▶ **TASK STATEMENT**
Your copy should match the records exactly, except that it contains no pictures.

[Stored items from a collection]
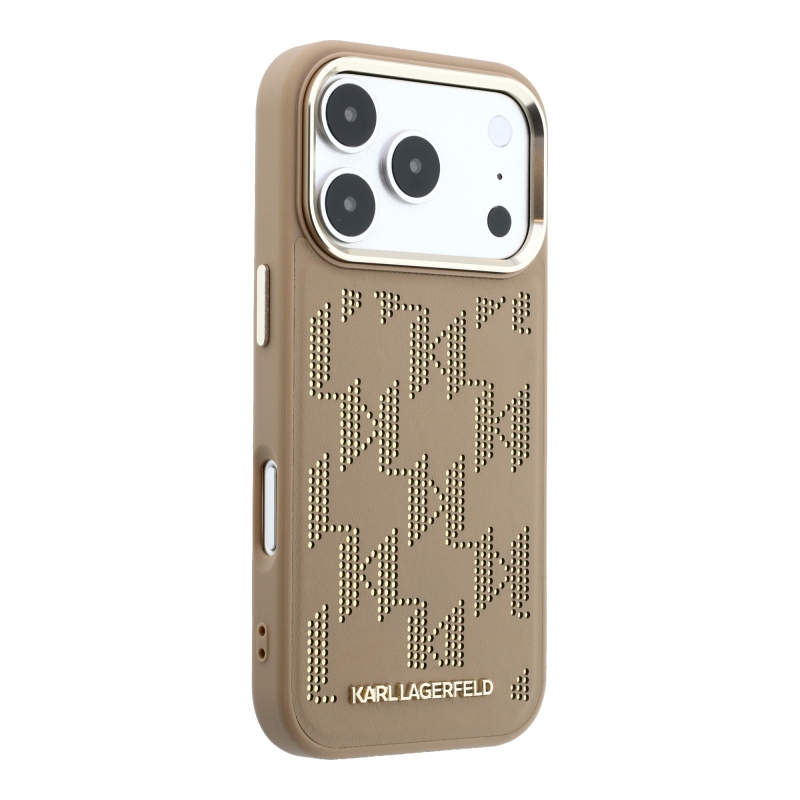 Karl Lagerfeld PU perforált Monogram MagSafe hátlap az iPhone 17 Pro Max-hoz, bézs színben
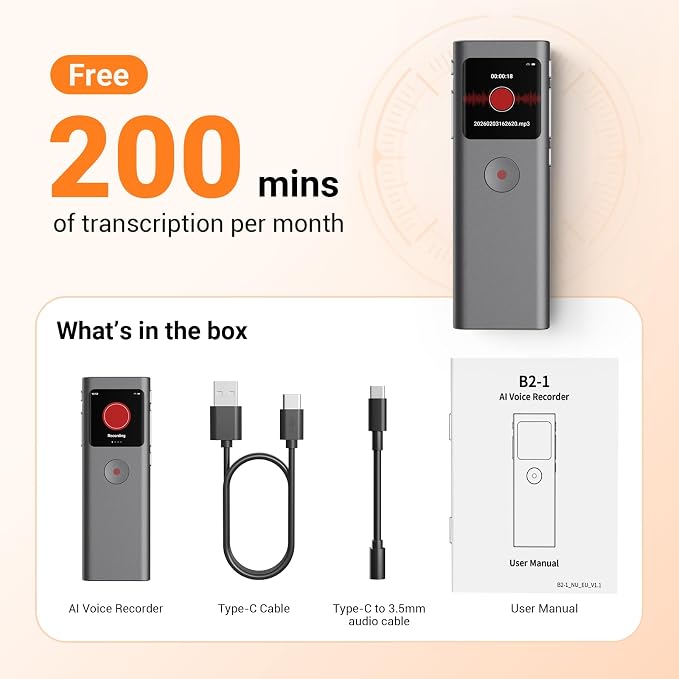 AI Digital Voice Recorder with Transcribe & Summarize, AI Note Taker for Meeting & Lectures, Voice Activated Recorder with Playback, Supports 90+ Languages Recording Device
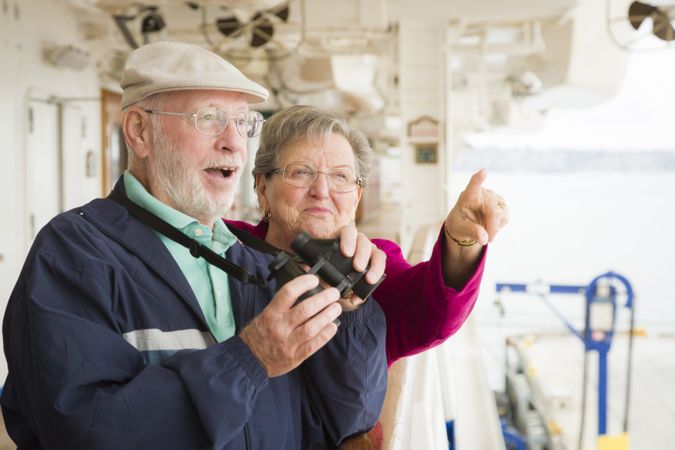 Couple Enjoying The Deck of a Cruise Ship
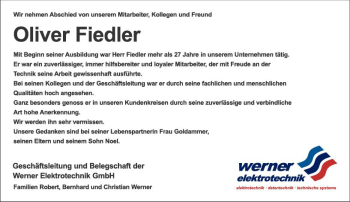 Traueranzeige von Oliver Fiedler von vrm-trauer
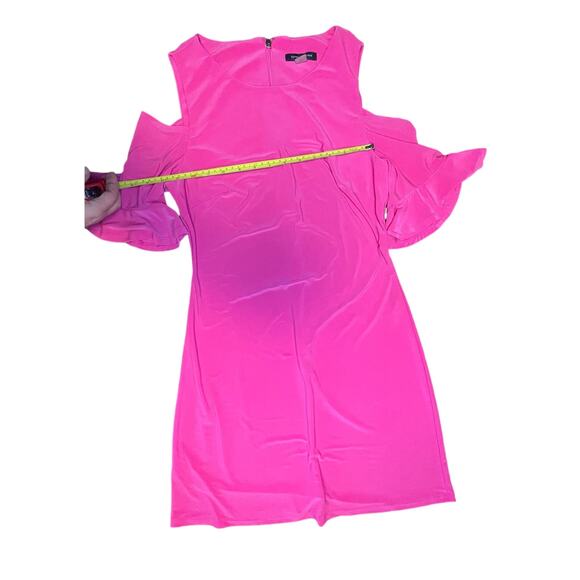 Tommy Hilfiger Hot Pink Ruffled Sleeve Cut Shoulder Body Con Knee Length Dress - Picture 4 of 5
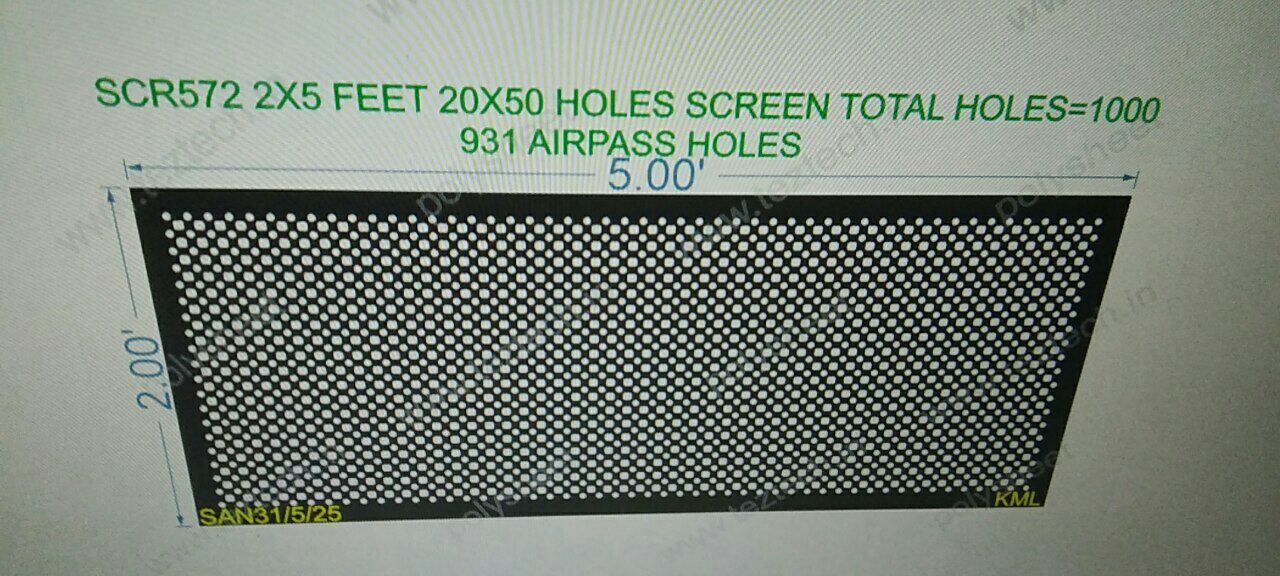 SCR572 2X5 FEET 20X50 HOLES SCREEN TOTAL HOLES=1000 WITH AIRPASS HOLES 931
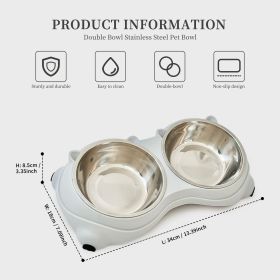 Anti slip base double cat food bowl, gray stainless steel food and water bowl, easy to clean and detachable design, cat and dog pet feeder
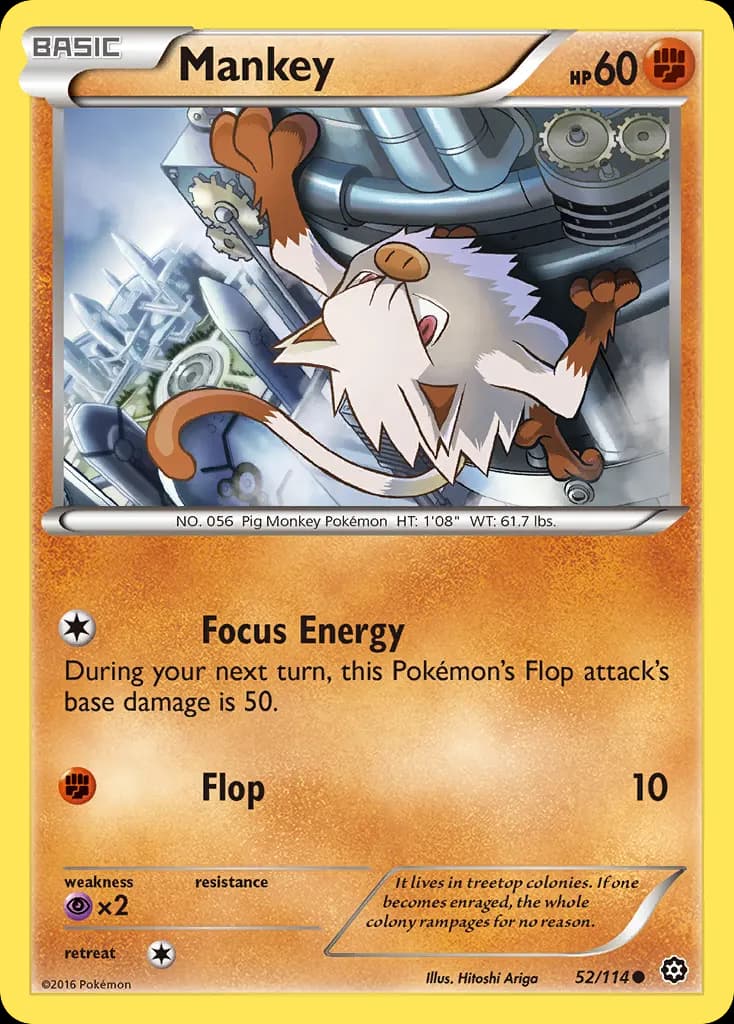 Mankey — Steam Siege 52 Pokémon card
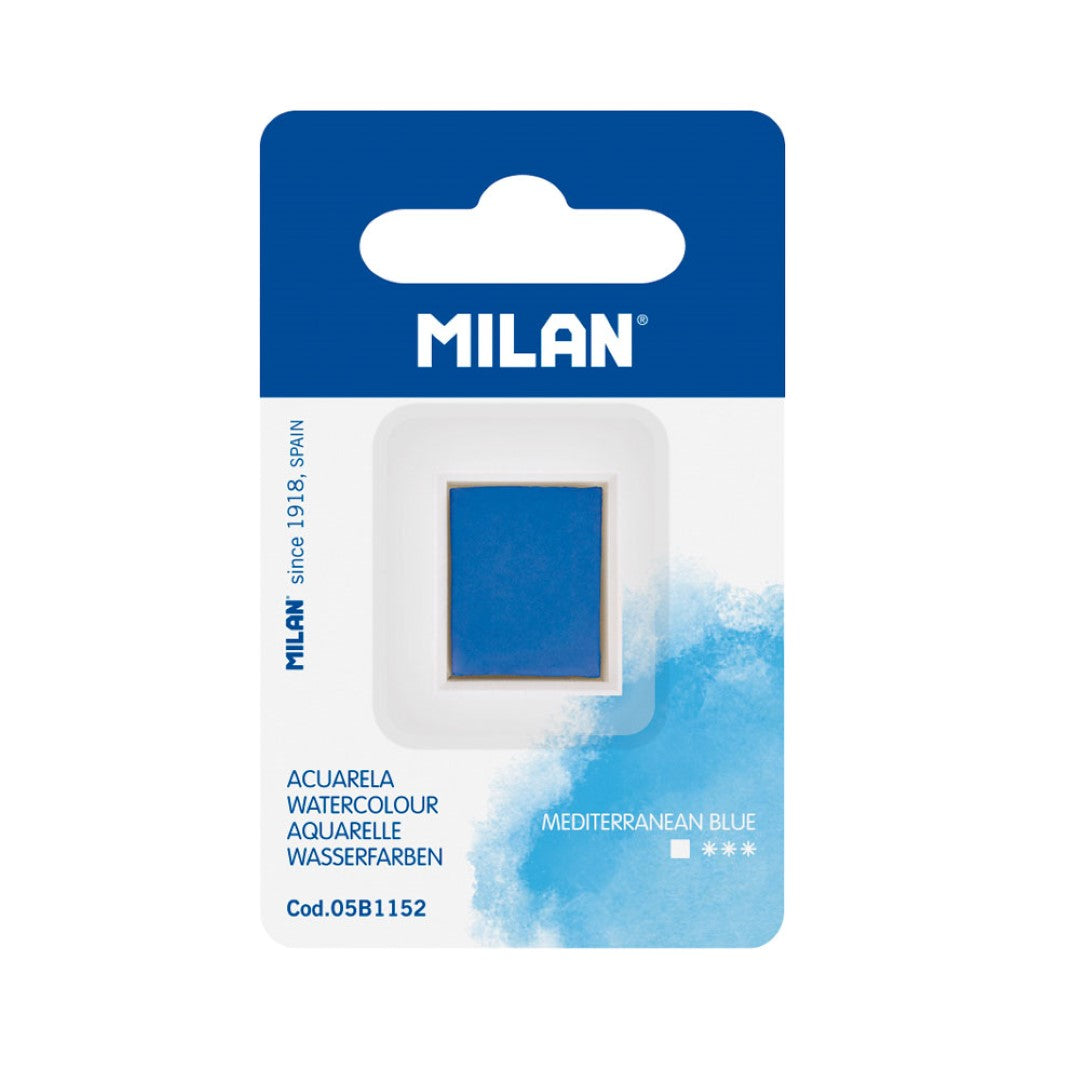 Milan Watercolour Paint Half Pan in Mediterranean Blue, vibrant, non-toxic, ideal for smooth mixing and outdoor painting.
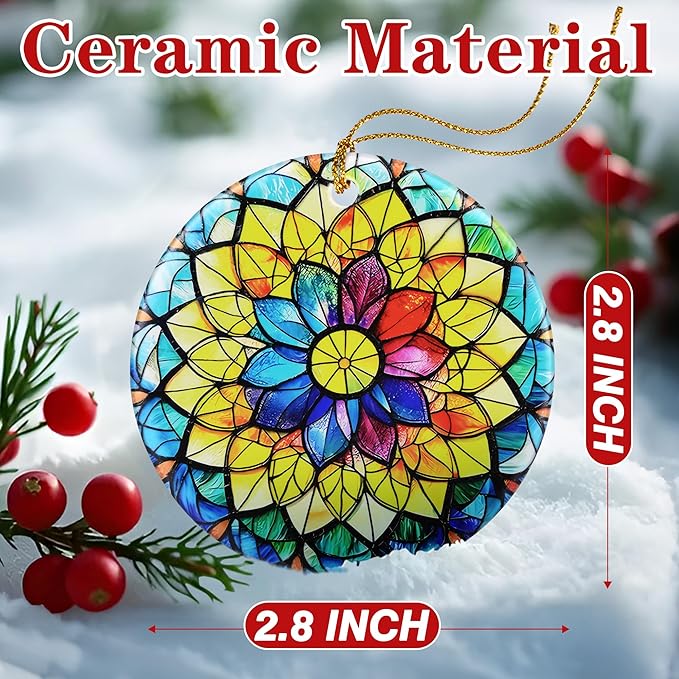 Flower Ornament – Christmas Decoration & Christmas Ornament; Round Ceramic (Holiday Present, Bauble Present, Gift Idea, and Gift Exchange) | Heirloom Keepsake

▶ **OUTPUT OF THE TASK**
 Karl Lagerfeld PU perforált Monogram MagSafe hátlap az iPhone 17 Pro Max-hoz, bézs színben
 AI Digital Voice Recorder with Transcribe & Summarize, AI Note Taker for Meeting & Lectures, Voice Activated Recorder with Playback, Supports 90+ Languages Recording Device
 Couple Enjoying The Deck of a Cruise Ship
 Traueranzeige von Oliver Fiedler von vrm-trauer
 Tommy Hilfiger Hot Pink Ruffled Sleeve Cut Shoulder Body Con Knee Length Dress - Picture 4 of 5
 SCR572 2X5 FEET 20X50 HOLES SCREEN TOTAL HOLES=1000 WITH AIRPASS HOLES 931
 Anti slip base double cat food bowl, gray stainless steel food and water bowl, easy to clean and detachable design, cat and dog pet feeder
 Mankey — Steam Siege 52 Pokémon card
 Milan Watercolour Paint Half Pan in Mediterranean Blue, vibrant, non-toxic, ideal for smooth mixing and outdoor painting.
 Flower Ornament – Christmas Decoration & Christmas Ornament; Round Ceramic (Holiday Present, Bauble Present, Gift Idea, and Gift Exchange) | Heirloom Keepsake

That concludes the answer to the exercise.